Musique

Bertrand Burgalat et ses cathédrales musicales

Journaliste, écrivain
 

L’itinéraire du duc de Burgalat est pour le moins singulier. Enfance particulière ; son père est préfet. Adolescence qui le voit donc fréquenter des milieux politiques… comment dire… plus alternatifs que centristes. Mais, surtout, plus impérieux que les démons de la politique ; il y a ceux qui le happent, musicaux, en l’occurrence

Et c’est ainsi qu’il y a vingt ans, Bertrand Burgalat fonde le label Tricatel, gravant ainsi le premier album – et dernier à ce jour – de l’actrice Valérie Lemercier. L’alchimie burgalesque est déjà là en devenir. Mélodies complexes : un fa dièse mineur septième appelle généralement un si majeur septième, tout le monde sait ça. Sauf que notre homme ira toujours chercher l’accord ou la note que l’on n’attend pas, créant ainsi d’élégantes dissonances. Gamin, ce bébé a biberonné à Pink Floyd et Claude Debussy, Genesis et Olivier Messiaen, Robert Wyatt et Nadia Boulanger ; cela s’entend. Et, à propos d’un autre BB, cette imparable ritournelle, Bardot’s Dance, publiée sur son antépénultième opus, Toutes directions, qui, dit-on, aurait enchanté l’atrabilaire ermite de la Madrague…

Mais revenons-en plutôt à l’objet de ces lignes, le magistral Les choses qu’on ne peut dire à personne. « Singulier » Burgalat, est-il plus haut écrit ? Oui. Contrairement à tant d’autres de ses confrères et consœurs, Bertrand Burgalat parvient à se renouveler sans jamais se renier. Sorte de changement dans la continuité, aurait-on dit autrefois.

Le fond demeure le même, avec une excellence du texte – quand on a pour scribes des personnes du calibre de Laurent Chalumeau ou du moins connu Matthias Debureaux, l’exploit est plié d’avance pour qui sait goûter la saveur des mots.

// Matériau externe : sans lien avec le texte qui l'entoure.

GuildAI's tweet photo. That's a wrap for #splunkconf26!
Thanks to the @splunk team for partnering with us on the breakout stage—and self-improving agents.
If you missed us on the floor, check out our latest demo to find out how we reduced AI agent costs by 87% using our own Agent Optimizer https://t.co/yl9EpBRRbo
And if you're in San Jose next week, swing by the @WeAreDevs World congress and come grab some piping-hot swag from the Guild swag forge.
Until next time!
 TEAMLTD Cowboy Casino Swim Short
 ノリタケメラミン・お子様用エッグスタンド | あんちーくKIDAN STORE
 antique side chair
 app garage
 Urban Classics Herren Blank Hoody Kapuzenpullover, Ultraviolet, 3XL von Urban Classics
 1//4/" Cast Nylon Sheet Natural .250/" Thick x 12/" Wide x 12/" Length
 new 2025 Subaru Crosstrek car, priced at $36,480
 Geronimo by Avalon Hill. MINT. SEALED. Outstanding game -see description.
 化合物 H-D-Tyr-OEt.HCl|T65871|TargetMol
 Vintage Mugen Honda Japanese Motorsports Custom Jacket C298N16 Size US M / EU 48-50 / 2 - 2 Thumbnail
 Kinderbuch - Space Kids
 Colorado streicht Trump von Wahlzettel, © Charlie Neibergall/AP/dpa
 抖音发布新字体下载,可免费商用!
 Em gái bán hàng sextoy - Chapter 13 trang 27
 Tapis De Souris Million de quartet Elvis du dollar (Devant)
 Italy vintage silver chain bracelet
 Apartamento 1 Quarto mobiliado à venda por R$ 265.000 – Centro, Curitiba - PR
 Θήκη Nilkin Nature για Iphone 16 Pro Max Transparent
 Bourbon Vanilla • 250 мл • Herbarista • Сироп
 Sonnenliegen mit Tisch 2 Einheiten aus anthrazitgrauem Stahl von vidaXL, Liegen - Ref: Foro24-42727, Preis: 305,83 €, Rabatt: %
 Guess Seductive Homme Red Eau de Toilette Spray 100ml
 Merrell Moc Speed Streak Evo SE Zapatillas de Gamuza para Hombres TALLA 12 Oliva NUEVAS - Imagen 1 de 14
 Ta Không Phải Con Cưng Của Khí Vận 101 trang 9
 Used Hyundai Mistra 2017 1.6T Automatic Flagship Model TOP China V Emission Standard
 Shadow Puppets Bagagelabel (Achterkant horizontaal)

Ce, d’autant plus que les textes en question nous disent bien des choses, même celles qu’on ne saurait dire à personne… France pavillonnaire destinée au bureau des objets perdus, quand elle n’est pas en même temps condamnée aux « Musées et cimetières », autre texte fulgurant de Yattanoel Yansane. Tyrannie de cette modernité voulant à tout prix la transparence à tous les étages, alors qu’à défaut de refaire le monde, de moins en moins nombreux sont ceux qui voudraient qu’au pis il ne se défasse pas plus que de raison. À ce titre, Bertrand Burgalat est au rang de ceux qui tentent encore de colmater ces digues invisibles en voie de submersion.

Quant à la forme, notre homme accomplit cet autre exploit consistant à explorer des univers musicaux jusque-là inconnus ou pas toujours bien employés. La pedal steel guitar, instrument de ploucs ricains, amateurs de chemises à carreaux et de trumpisme ? Elle est ici magnifiée. Et le steel-drum, sorte de cul de bidon d’essence, créé aux Caraïbes et servant à la fois à souligner tempo et mélodie, sonne ici comme jamais on ne l’avait entendu. Et puis, sachant qu’une imparable chanson peut aussi se passer de paroles, il y a sur cette galette deux instant magiques.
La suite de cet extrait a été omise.